Announcing her candidacy for the job of UN secretary general, the 59-year-old Costa Rican pushed her role in the 2015 Paris climate agreement as evidence she is the real deal.
“I believe I have proved my stripes,” she told reporters. “The last six years shows I can get things done in the multilateral arena.”
It is a pitch that draws heavily on Barack Obama’s “change we can believe in” 2008 presidential campaign, and one she elaborates on in a 16-page vision statement.
“Today we are witnessing a downward spiral of political dislocation, where lack of trust in political systems is leading people to seek solutions based on exclusion, division and isolation by community, ethnicity, religion, gender or nationality,” writes Figueres.
“Some of those who seek to impose their will through force have become more sophisticated and, unfortunately, more cruel – with increasing disregard of human rights.”
— Christiana Figueres (@CFigueres) July 7, 2016
A distinctive message is important. In a field boasting UN heavyweights like Development Programme chief Helen Clark and a host of former prime and foreign ministers, she needs a compelling brand to stand out.
Figueres also seems to have taken inspiration from Pope Francis’ positioning at the Vatican, who presented himself as the only man who could reform a vast and stale organisation.
In his time in office Pope Francis has presented himself as man of the people, washing the feet of prisoners and migrants and berating politicians for failing to tackle global inequality.
The human impacts of global warming were a regular focus for Figueres as UN climate chief, and the need to connect and empower people is a theme she frequently returns to in the vision statement, published on a shiny website this week.
“We must work to ensure that citizens feel like stakeholders in a future they are invested in since, without this, disengagement and despair are the only path open to them,” she writes.
This won’t surprise those who have lived and worked in the climate change bubble since 2010 – a world shaped by Figueres’ forceful personality.
Arriving after the devastation of the 2009 Copenhagen summit, she worked hard to build new climate alliances among youth groups, businesses and civil society.
Countries deeply hostile to a greenhouse gas cutting deal in the Middle East were embraced, the efforts of major polluters China and India to decarbonise their economies loudly praised.
There was even an unusual yet strong call for green groups to back off in their efforts to demonise fossil fuel companies, which she said offered solutions to the climate challenge.
That message of empowerment was illustrated in the Paris climate deal – where the UN imposes little but asks national governments to deliver what they can – and in her vision statement.

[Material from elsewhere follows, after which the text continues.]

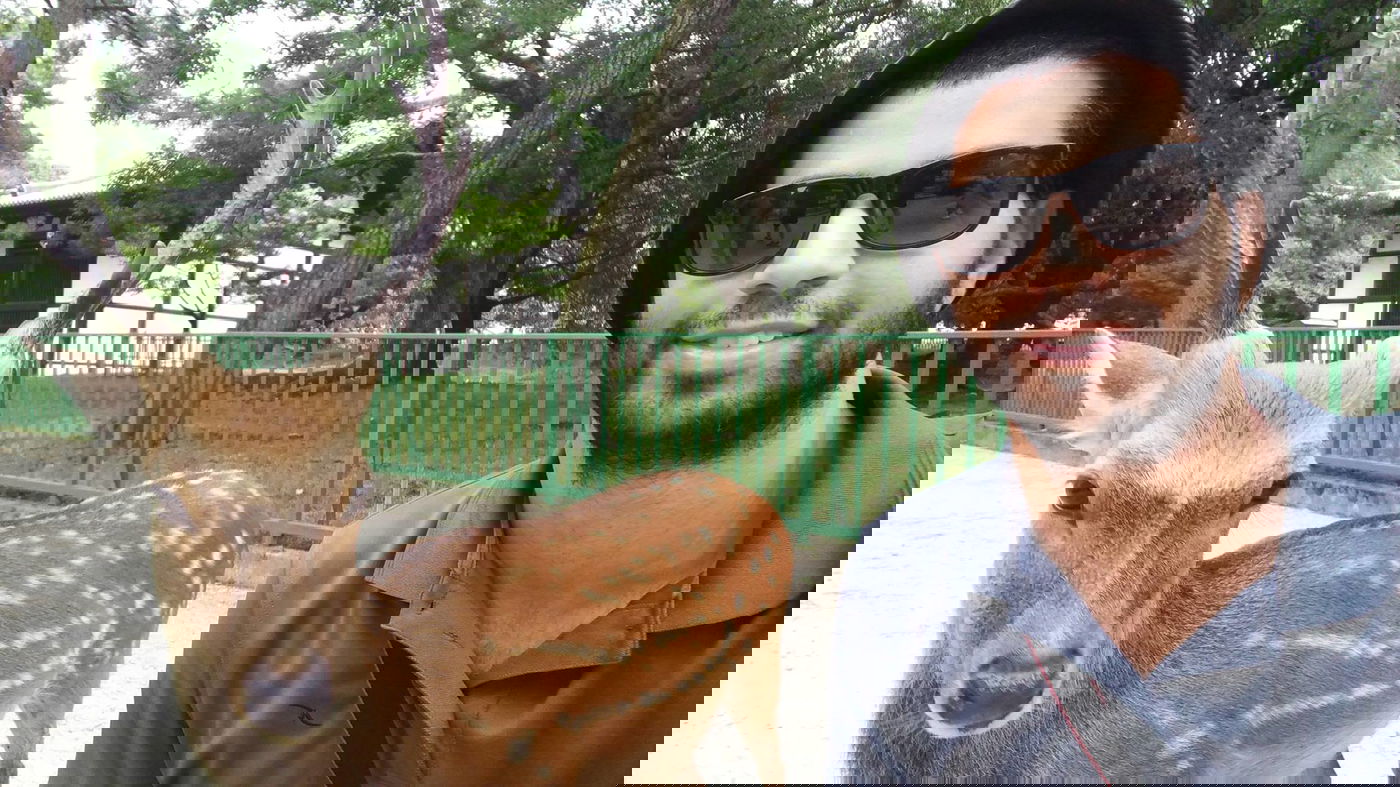 טיול מצולם ליפן המרהיבה: גלריה ענקית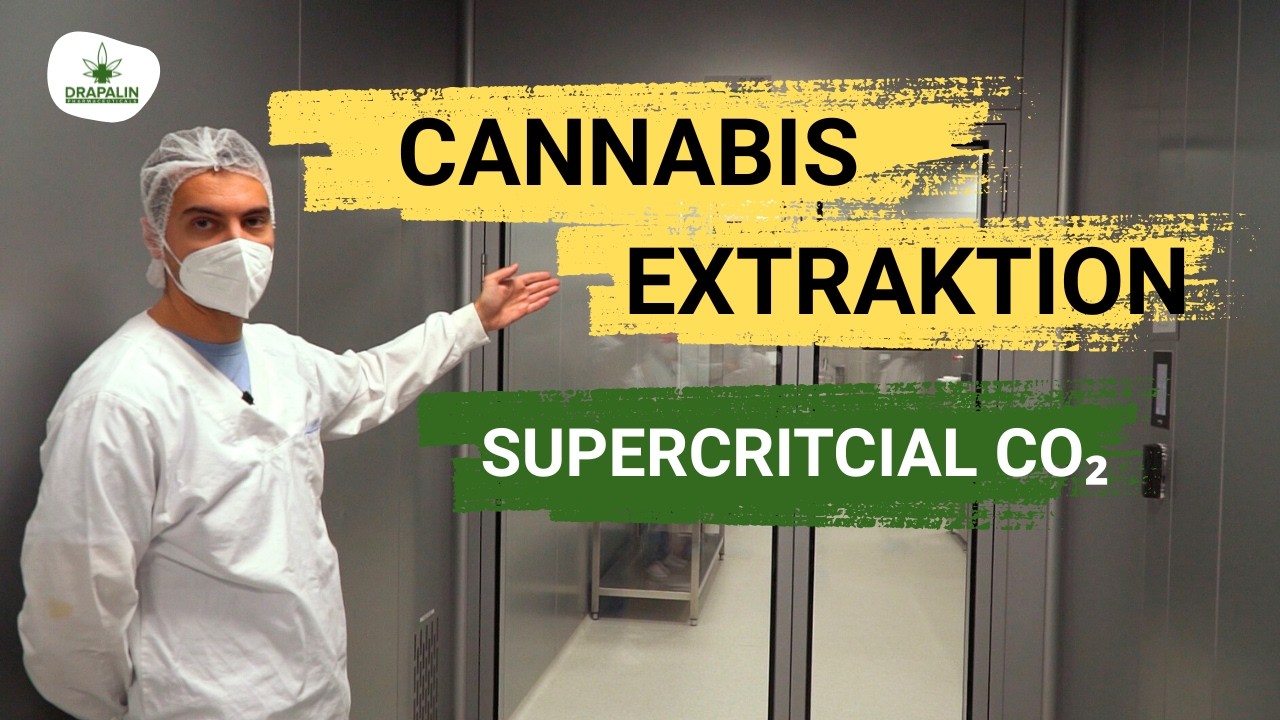 Cannabis-Extraktion einfach erklärt | Supercritical CO₂ Methode(Version 2)🌿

“By embracing this new form of multilateralism we can address the wide array of international peace and security threats we face. It is our best chance to improve the lives of people everywhere,” she writes.
Still, if the message of empowerment and hope worked in the UN climate arena, it’s far from obvious whether it can win the zero sum game of New York.

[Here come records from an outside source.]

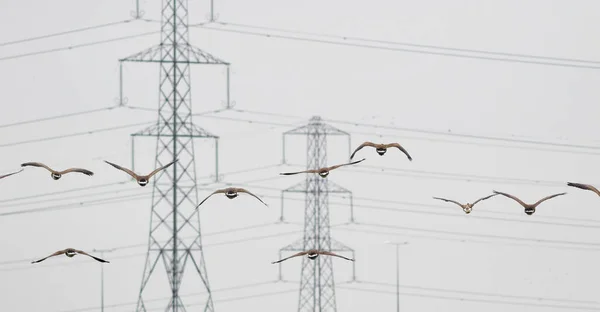Eine Schar Wunderschöner Gänse Fliegt Hoch Himmel Strommasten — Stockfoto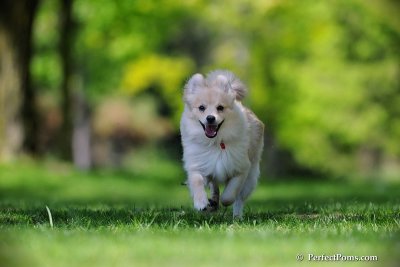 May25_09_166.jpg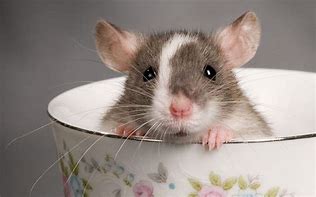 Image result for Cute Baby Mouse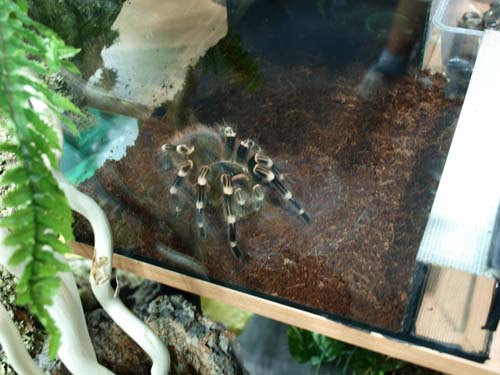 spider.jpg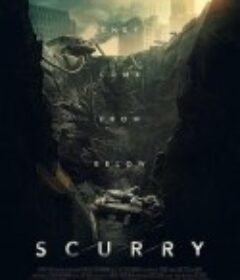 极速求生 Scurry            (2025)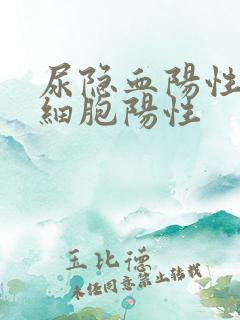 尿隐血阳性尿白细胞阳性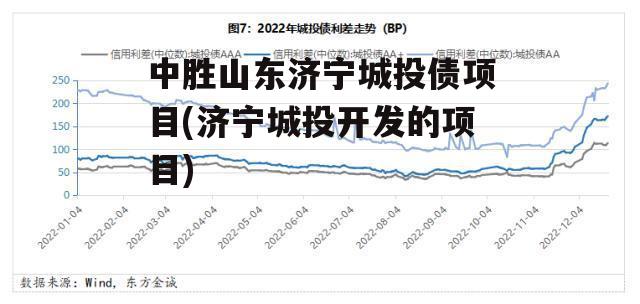 中胜山东济宁城投债项目(济宁城投开发的项目)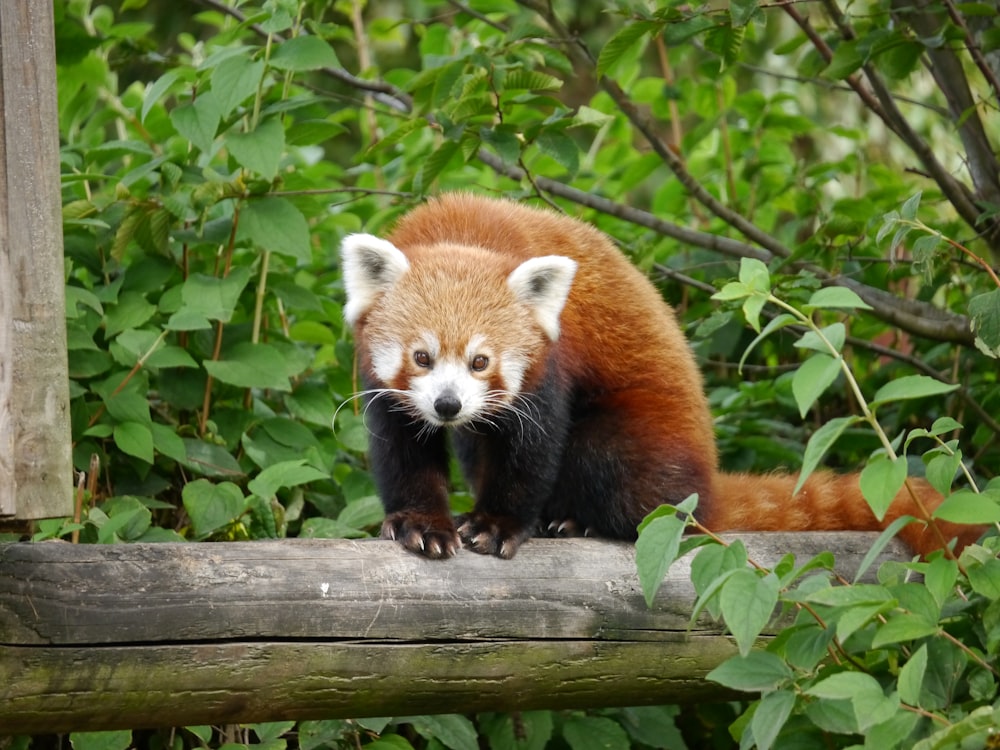 red panda on brown wooden log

Here deals over influential positions are brokered behind closed doors, with the ever-present veto threat from the five permanent members of the Security Council: France, Russia, China, the UK and US.
The Costa Rican’s time in office saw her develop strong bonds with governments, but in the likes of Clark and UNESCO’s Bokova she faces opponents with significant institutional power in the UN.

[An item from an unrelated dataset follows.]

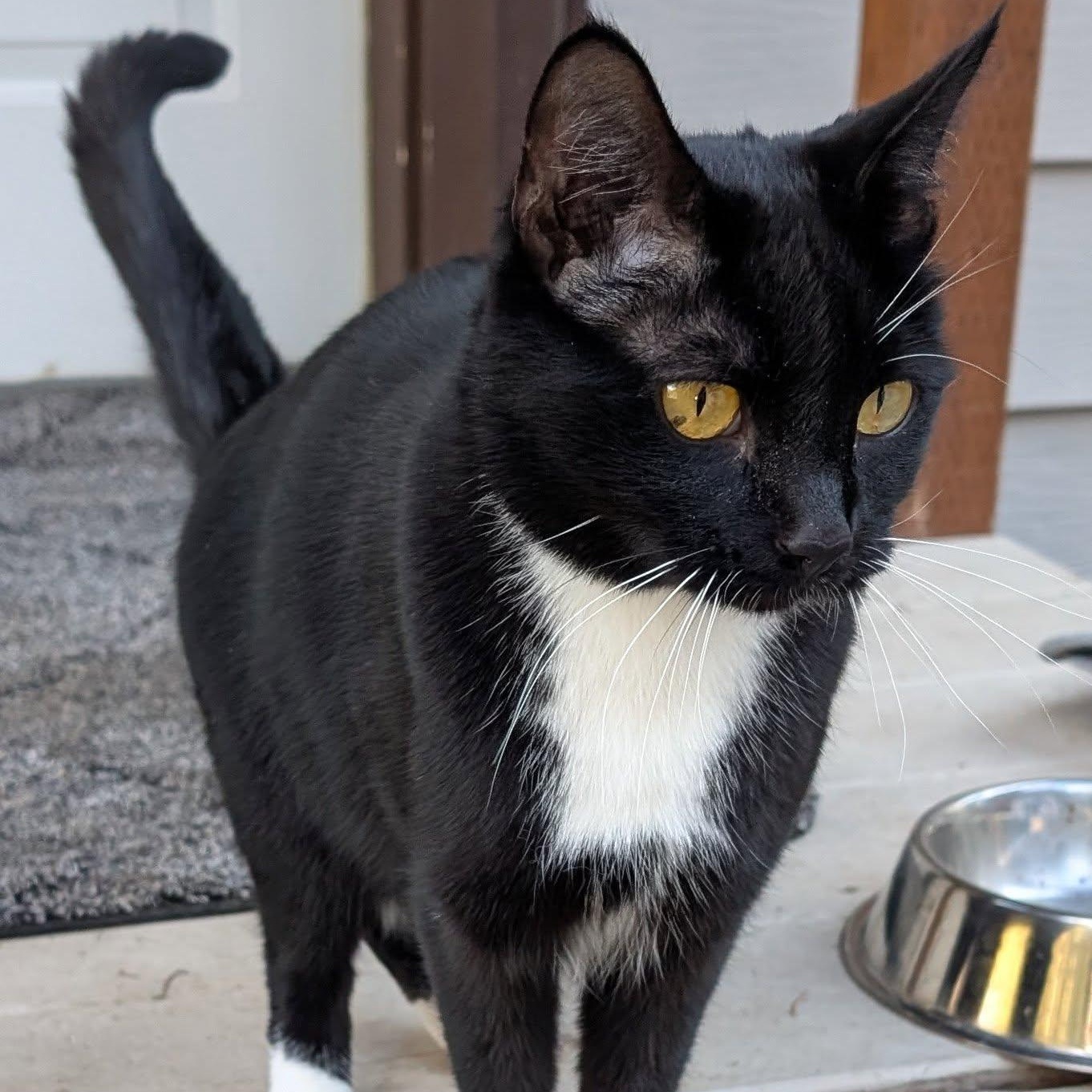 Maggie, Adoptable, Adult Female Tuxedo & Domestic Short Hair.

That – along with a convention it’s Eastern Europe’s turn to hold the post – may explain why UK bookmakers Ladbrokes rate her a 10/1 chance, with Bokova the 2/1 favourite.
The next few months will see all candidates rack up their air miles, meeting the presidents and prime ministers who will determine their fate.
Clark has a head-start, having met governments in France, the US, UK, Egypt, Japan, Russia and Malaysia in the past two months.
— Helen Clark (@Helen4SG) July 5, 2016
A loyal boss, Figueres has appointed a small team, drawn from her years in climate.
While her main rivals may have more prime ministers in their contact books, Figueres draws support from a broad global constituency, including all the major green groups and a significant number of business leaders.
Win or lose, her bid will put climate change on the agenda of all candidates and force them to explain how they would support the Paris deal.
It’s rare that 195 states come together in emphatic agreement, offering the UN a shot in the arm at a time when its purpose and authority is being questioned.
And it’s clear that the former UN climate chief and her team intend to use this unusual show of global unity to bolster her case – as she intimated in Thursday’s media call.
“It is very clear that climate change is a major emergency… it and the sustainable development goals are one and same agenda,” she said.
“They are principles for peace, human rights and development into the future. I do not see them as being different.”